No doubt Mr Blagojevich felt, like the Congressmen, that decisions of conscience were purely subjective, and he acted accordingly by dismissing the pharmacists’ qualms as mere prejudice.

This contempt for conscientious objection is not mere political expediency. It has philosophers who defend it. In a recent issue of the British Medical Journal, for instance, Oxford bioethicist Julian Savulescu dismissed doctors’ conscientious objection as “a door to a Pandora’s box of idiosyncratic, bigoted, discriminatory medicine”. In his view, “conscience has little place in the delivery of modern medical care”.

“If people are not prepared to offer legally permitted, efficient, and beneficial care to a patient because it conflicts with their values, they should not be doctors,” he argues, sounding very much like a speechwriter for Governor Blagojevich. This is a point of view which is bound to spread if more public figures invoke conscience as a cone of silence to shield their views from reasoned debate.

Fifty years ago, in 1956, the junior senator from Massachusetts, Democrat John F. Kennedy, published Profiles in Courage, sketches of eight American senators who had defied public opinion to follow their conscience.
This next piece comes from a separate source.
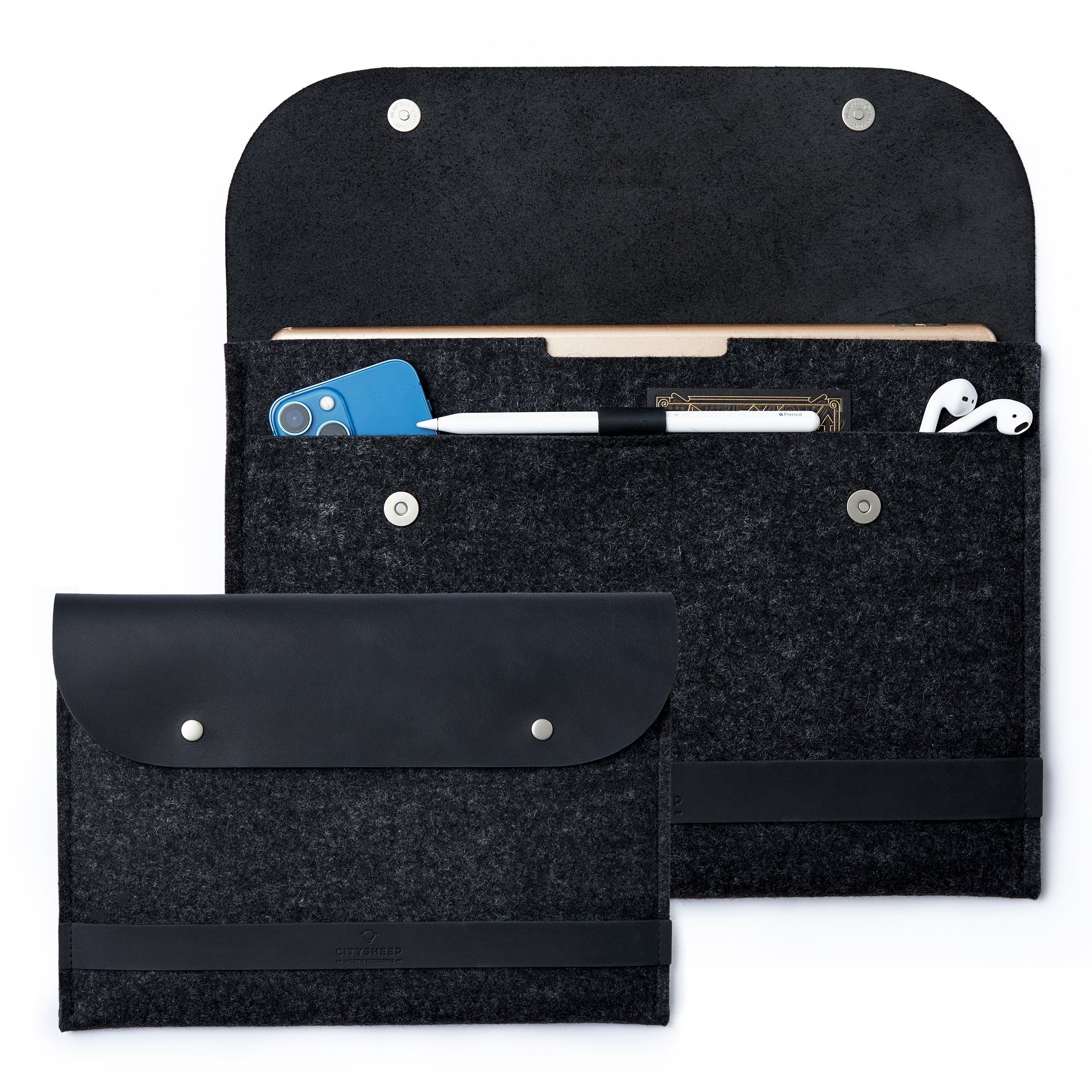 Premium quality iPad Pro/ iPad Air case made from wool felt and full grain leather with a loop for Apple pencil and extra compartment.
Whether or not Kennedy actually wrote the Pulitzer Prize-winning book (there are suspicions that his aide Ted Sorenson ghosted it for him), its esteem for integrity, courage and clear moral reasoning inspired a generation of Americans.

The Gang of 55’s appeal to the primacy of conscience is something altogether different. Instead of standing alone, naked before the anger of their enemies, like Kennedy’s heroes, they huddle together using conscience as a talisman to ward off criticism. They risk little as they settle into their comfy bean bags on the moral high ground.  

In his introduction to Profiles in Courage, Kennedy cited these words about the moral purpose of political life from the doyen of American political commentators, Walter Lippman: 
With exceptions so rare they are regarded as miracles of nature, successful democratic politicians are insecure and intimidated men. They advance politically only as they placate, appease, bribe, seduce, bamboozle, or otherwise manage to manipulate the demand threatening elements in their constituencies. The decisive consideration is not whether the proposition is good but whether it is popular -- not whether it will work well and prove itself, but whether the active-talking constituents like it immediately.2
Cynical? No doubt, but it is an apt description of politicians who gild their speeches with religion and conscience to dazzle constituents with an ethical son et lumière.

Michael Cook is Editor of MercatorNet.

Notes
(1) Sophocles. “Antigone”. The Theban Plays. Trans. E.F. Watling. Penguin, 1947.
(2) Walter Lippman. The Public Philosophy. 1955. Chapter 2.